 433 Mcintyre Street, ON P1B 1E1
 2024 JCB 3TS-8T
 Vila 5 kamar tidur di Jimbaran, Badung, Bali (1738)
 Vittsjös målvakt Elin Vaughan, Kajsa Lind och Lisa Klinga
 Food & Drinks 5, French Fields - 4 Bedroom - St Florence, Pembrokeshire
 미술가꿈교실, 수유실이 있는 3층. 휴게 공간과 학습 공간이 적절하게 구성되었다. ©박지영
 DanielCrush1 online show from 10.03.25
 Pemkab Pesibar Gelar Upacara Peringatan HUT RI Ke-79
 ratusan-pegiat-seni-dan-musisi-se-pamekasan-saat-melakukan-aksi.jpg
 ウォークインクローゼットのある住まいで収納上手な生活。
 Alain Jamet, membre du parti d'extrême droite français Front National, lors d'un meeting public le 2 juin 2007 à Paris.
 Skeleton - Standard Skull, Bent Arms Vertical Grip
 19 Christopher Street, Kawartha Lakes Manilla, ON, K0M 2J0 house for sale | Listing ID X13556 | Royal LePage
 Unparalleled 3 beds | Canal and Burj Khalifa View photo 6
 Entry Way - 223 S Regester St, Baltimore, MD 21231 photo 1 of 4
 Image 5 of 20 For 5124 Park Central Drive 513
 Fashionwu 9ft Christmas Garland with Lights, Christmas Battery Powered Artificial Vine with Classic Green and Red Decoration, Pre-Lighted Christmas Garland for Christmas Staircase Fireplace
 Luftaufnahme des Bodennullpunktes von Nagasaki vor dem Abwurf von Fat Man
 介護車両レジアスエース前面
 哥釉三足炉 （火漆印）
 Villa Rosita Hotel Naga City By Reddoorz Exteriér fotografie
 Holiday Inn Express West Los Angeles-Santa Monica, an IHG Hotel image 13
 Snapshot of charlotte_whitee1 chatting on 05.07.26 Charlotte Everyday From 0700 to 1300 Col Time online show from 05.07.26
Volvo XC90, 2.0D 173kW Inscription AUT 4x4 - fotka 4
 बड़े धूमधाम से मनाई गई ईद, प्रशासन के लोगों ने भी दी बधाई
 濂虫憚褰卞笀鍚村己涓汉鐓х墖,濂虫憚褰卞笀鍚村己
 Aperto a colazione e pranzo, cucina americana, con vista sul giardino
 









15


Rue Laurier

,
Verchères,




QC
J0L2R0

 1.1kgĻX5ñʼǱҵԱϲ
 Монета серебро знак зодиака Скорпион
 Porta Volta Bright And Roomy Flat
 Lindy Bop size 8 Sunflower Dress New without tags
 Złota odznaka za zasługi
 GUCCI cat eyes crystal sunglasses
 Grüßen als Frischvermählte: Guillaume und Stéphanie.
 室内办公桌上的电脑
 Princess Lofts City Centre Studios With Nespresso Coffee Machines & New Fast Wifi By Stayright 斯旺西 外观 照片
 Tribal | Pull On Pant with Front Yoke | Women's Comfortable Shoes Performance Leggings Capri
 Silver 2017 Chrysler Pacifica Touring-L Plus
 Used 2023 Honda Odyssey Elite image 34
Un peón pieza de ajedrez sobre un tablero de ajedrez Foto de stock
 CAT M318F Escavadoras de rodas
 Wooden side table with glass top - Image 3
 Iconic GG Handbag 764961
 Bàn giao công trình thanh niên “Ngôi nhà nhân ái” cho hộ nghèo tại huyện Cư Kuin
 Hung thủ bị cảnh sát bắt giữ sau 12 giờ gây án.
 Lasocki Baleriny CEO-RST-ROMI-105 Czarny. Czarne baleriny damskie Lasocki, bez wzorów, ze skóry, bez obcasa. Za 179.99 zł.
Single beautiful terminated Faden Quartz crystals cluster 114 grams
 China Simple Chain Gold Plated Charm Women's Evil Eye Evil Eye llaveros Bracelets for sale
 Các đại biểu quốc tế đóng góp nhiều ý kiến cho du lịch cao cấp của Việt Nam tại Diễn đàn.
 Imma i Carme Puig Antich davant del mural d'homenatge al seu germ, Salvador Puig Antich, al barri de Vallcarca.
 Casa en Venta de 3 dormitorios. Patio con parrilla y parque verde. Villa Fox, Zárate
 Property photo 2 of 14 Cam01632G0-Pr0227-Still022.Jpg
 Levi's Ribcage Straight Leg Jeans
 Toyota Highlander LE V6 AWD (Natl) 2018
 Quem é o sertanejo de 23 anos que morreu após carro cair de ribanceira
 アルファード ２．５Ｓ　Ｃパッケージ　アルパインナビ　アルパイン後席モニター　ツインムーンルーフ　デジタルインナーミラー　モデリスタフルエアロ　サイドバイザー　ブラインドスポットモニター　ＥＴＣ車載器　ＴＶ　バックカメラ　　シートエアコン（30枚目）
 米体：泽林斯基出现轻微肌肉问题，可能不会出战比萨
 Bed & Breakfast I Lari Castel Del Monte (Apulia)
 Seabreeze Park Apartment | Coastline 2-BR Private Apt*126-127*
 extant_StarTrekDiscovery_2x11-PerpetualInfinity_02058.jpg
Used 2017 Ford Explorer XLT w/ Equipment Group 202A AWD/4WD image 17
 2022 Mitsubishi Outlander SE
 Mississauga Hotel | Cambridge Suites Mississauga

•••

■ **Instructions for the task**: All the data above must be copied again. Leave nothing out.

■ **Exercise result**:
 433 Mcintyre Street, ON P1B 1E1
 2024 JCB 3TS-8T
 Vila 5 kamar tidur di Jimbaran, Badung, Bali (1738)
 Vittsjös målvakt Elin Vaughan, Kajsa Lind och Lisa Klinga
 Food & Drinks 5, French Fields - 4 Bedroom - St Florence, Pembrokeshire
 미술가꿈교실, 수유실이 있는 3층. 휴게 공간과 학습 공간이 적절하게 구성되었다. ©박지영
 DanielCrush1 online show from 10.03.25
 Pemkab Pesibar Gelar Upacara Peringatan HUT RI Ke-79
 ratusan-pegiat-seni-dan-musisi-se-pamekasan-saat-melakukan-aksi.jpg
 ウォークインクローゼットのある住まいで収納上手な生活。
 Alain Jamet, membre du parti d'extrême droite français Front National, lors d'un meeting public le 2 juin 2007 à Paris.
 Skeleton - Standard Skull, Bent Arms Vertical Grip
 19 Christopher Street, Kawartha Lakes Manilla, ON, K0M 2J0 house for sale | Listing ID X13556 | Royal LePage
 Unparalleled 3 beds | Canal and Burj Khalifa View photo 6
 Entry Way - 223 S Regester St, Baltimore, MD 21231 photo 1 of 4
 Image 5 of 20 For 5124 Park Central Drive 513
 Fashionwu 9ft Christmas Garland with Lights, Christmas Battery Powered Artificial Vine with Classic Green and Red Decoration, Pre-Lighted Christmas Garland for Christmas Staircase Fireplace
 Luftaufnahme des Bodennullpunktes von Nagasaki vor dem Abwurf von Fat Man
 介護車両レジアスエース前面
 哥釉三足炉 （火漆印）
 Villa Rosita Hotel Naga City By Reddoorz Exteriér fotografie
 Holiday Inn Express West Los Angeles-Santa Monica, an IHG Hotel image 13
 Snapshot of charlotte_whitee1 chatting on 05.07.26 Charlotte Everyday From 0700 to 1300 Col Time online show from 05.07.26
Volvo XC90, 2.0D 173kW Inscription AUT 4x4 - fotka 4
 बड़े धूमधाम से मनाई गई ईद, प्रशासन के लोगों ने भी दी बधाई
 濂虫憚褰卞笀鍚村己涓汉鐓х墖,濂虫憚褰卞笀鍚村己
 Aperto a colazione e pranzo, cucina americana, con vista sul giardino
 









15


Rue Laurier

,
Verchères,




QC
J0L2R0

 1.1kgĻX5ñʼǱҵԱϲ
 Монета серебро знак зодиака Скорпион
 Porta Volta Bright And Roomy Flat
 Lindy Bop size 8 Sunflower Dress New without tags
 Złota odznaka za zasługi
 GUCCI cat eyes crystal sunglasses
 Grüßen als Frischvermählte: Guillaume und Stéphanie.
 室内办公桌上的电脑
 Princess Lofts City Centre Studios With Nespresso Coffee Machines & New Fast Wifi By Stayright 斯旺西 外观 照片
 Tribal | Pull On Pant with Front Yoke | Women's Comfortable Shoes Performance Leggings Capri
 Silver 2017 Chrysler Pacifica Touring-L Plus
 Used 2023 Honda Odyssey Elite image 34
Un peón pieza de ajedrez sobre un tablero de ajedrez Foto de stock
 CAT M318F Escavadoras de rodas
 Wooden side table with glass top - Image 3
 Iconic GG Handbag 764961
 Bàn giao công trình thanh niên “Ngôi nhà nhân ái” cho hộ nghèo tại huyện Cư Kuin
 Hung thủ bị cảnh sát bắt giữ sau 12 giờ gây án.
 Lasocki Baleriny CEO-RST-ROMI-105 Czarny. Czarne baleriny damskie Lasocki, bez wzorów, ze skóry, bez obcasa. Za 179.99 zł.
Single beautiful terminated Faden Quartz crystals cluster 114 grams
 China Simple Chain Gold Plated Charm Women's Evil Eye Evil Eye llaveros Bracelets for sale
 Các đại biểu quốc tế đóng góp nhiều ý kiến cho du lịch cao cấp của Việt Nam tại Diễn đàn.
 Imma i Carme Puig Antich davant del mural d'homenatge al seu germ, Salvador Puig Antich, al barri de Vallcarca.
 Casa en Venta de 3 dormitorios. Patio con parrilla y parque verde. Villa Fox, Zárate
 Property photo 2 of 14 Cam01632G0-Pr0227-Still022.Jpg
 Levi's Ribcage Straight Leg Jeans
 Toyota Highlander LE V6 AWD (Natl) 2018
 Quem é o sertanejo de 23 anos que morreu após carro cair de ribanceira
 アルファード ２．５Ｓ　Ｃパッケージ　アルパインナビ　アルパイン後席モニター　ツインムーンルーフ　デジタルインナーミラー　モデリスタフルエアロ　サイドバイザー　ブラインドスポットモニター　ＥＴＣ車載器　ＴＶ　バックカメラ　　シートエアコン（30枚目）
 米体：泽林斯基出现轻微肌肉问题，可能不会出战比萨
 Bed & Breakfast I Lari Castel Del Monte (Apulia)
 Seabreeze Park Apartment | Coastline 2-BR Private Apt*126-127*
 extant_StarTrekDiscovery_2x11-PerpetualInfinity_02058.jpg
Used 2017 Ford Explorer XLT w/ Equipment Group 202A AWD/4WD image 17
 2022 Mitsubishi Outlander SE
 Mississauga Hotel | Cambridge Suites Mississauga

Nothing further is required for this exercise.